LANCASTER — Antelope Valley Union High School District trustees unanimously denied a petition for the proposed The Guidance Charter-1 on Thursday evening.
The proposed Guidance Charter School-1 was a new kindergarten through 12th-grade charter school from the founders of the original Guidance Charter School.
The School Board heard testimony from supporters and opponents of the proposed charter school, including former Palmdale School District trustee Sandy Corrales.
As a trustee Corrales visited the charter school regularly.
“Every time I went there I saw the same thing and I heard the same thing: a safe campus with parents that were very engaged and a staff that knew exactly where the students needed to be educationally,” Corrales said.
Scott Fish, president of California School Employees Association Chapter 612, the district’s classified union, said the district works hard to create programs that allow for students to have options and opportunities.

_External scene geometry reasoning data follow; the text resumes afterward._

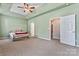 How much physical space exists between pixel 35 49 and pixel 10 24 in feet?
2.68

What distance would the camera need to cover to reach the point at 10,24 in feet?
9.14

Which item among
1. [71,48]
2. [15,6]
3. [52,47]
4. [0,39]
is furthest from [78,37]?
[0,39]

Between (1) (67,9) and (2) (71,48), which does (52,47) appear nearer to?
(2) (71,48)

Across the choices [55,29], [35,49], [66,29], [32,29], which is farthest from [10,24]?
[66,29]

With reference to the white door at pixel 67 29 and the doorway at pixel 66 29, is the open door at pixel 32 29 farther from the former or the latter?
Result: the white door at pixel 67 29

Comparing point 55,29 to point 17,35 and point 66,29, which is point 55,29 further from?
point 17,35

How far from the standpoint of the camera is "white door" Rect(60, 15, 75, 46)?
2.68 m

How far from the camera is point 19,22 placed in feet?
9.22

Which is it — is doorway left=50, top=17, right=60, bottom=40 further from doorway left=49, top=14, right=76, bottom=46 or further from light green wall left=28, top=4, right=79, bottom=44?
light green wall left=28, top=4, right=79, bottom=44

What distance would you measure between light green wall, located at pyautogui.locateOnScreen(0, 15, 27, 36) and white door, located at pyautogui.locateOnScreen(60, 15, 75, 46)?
87 centimetres

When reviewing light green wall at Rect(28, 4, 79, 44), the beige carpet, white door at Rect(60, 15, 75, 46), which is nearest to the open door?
light green wall at Rect(28, 4, 79, 44)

“CSEA, we need to see a vote of confidence from this new board so that we can move forward together and address these issues,” Fish said. “We know that there are issues, obviously. We’re not living with our head in the sand. There’s a lot of change in our society now and our district is the best equipped to adapt to that change over time. Please consider that when you’re making this very important decision.”
There was no presentation from the district in regard to the recommendation to deny the petition. According to the staff report, the proposed charter school presented an unsound educational program for the students.
“Overall descriptions of the educational program, curriculum, and assessments in the Petition are generic, underdeveloped, and outdated,” the staff report said.
Board member Jill McGrady asked whether anyone else was going to speak, most likely in reference to an attorney from the district legal firm Fagen Friedman & Fulfrost, who was seated at the dais.
Board President Robert “Bob” Davis, Vice President Victoria Ruffin, and Clerk Amanda Parrell declined. The Board then clarified that the action on the agenda was to accept a recommendation by district staff to deny the petition. They unanimously accepted the recommendation.
The original Guidance Charter School operated for 17 years in Palmdale before the authorizing district, Palmdale School District, denied the petition to renew last January. Palmdale School District staff said the school presented “an unsound educational program.” District staff also questioned the charter school’s finances related to lease payments for a new sixth- through 12th-grade campus built on Avenue R and 40th Street East.
The denial was ultimately appealed to the state Board of Education, which also denied the petition.
AV Union High School District’s trustees considered a petition for the proposed Guidance Charter School-2 last June. The Board voted 3-2 to deny the petition in line with a district staff recommendation. Davis voted against the staff recommendation along with former trustee Dana Coleman.
An appeal before the Los Angeles County Board of Education was also denied.
Kamal Al-Khatib, founder and executive director of the original Guidance Charter School, submitted the petition for the proposed Guidance Charter School-1 nearly three weeks after the Nov. 6 election, when the two candidates Al-Khatib endorsed, Amanda Parrell and Victoria Ruffin, won their respective seats on the school board.
The proposed charter school has a new campus on Avenue R and 40th Street East for the sixth through 12th students. The campus was supposed to open in August for the start of the 2018-19 school year, but has remained closed since the original Guidance Charter School’s petition to renew was denied.
Construction of the 87,000-square-foot campus was financed with $29.58 million in tax-exempt and taxable bonds issued in March 2017 by the California Statewide Communities Development Authority. A kindergarten through fifth-grade campus on Palmdale Boulevard is already paid for.
Al-Khatib could appeal to the Los Angeles County Board of Education.
“We haven’t decided what to do,” Al-Khatib said Friday.
Al-Khatib disputed the district’s findings about the charter petition, saying it was 99% not accurate.
The district response highlighted the former Guidance Charter School’s performance. But a response from an attorney representing the proposed charter school said the Guidance Charter School-1 petition “is a new petition with no historical student data. Therefore this student information referred to in the findings has no relevance to GCS-1.”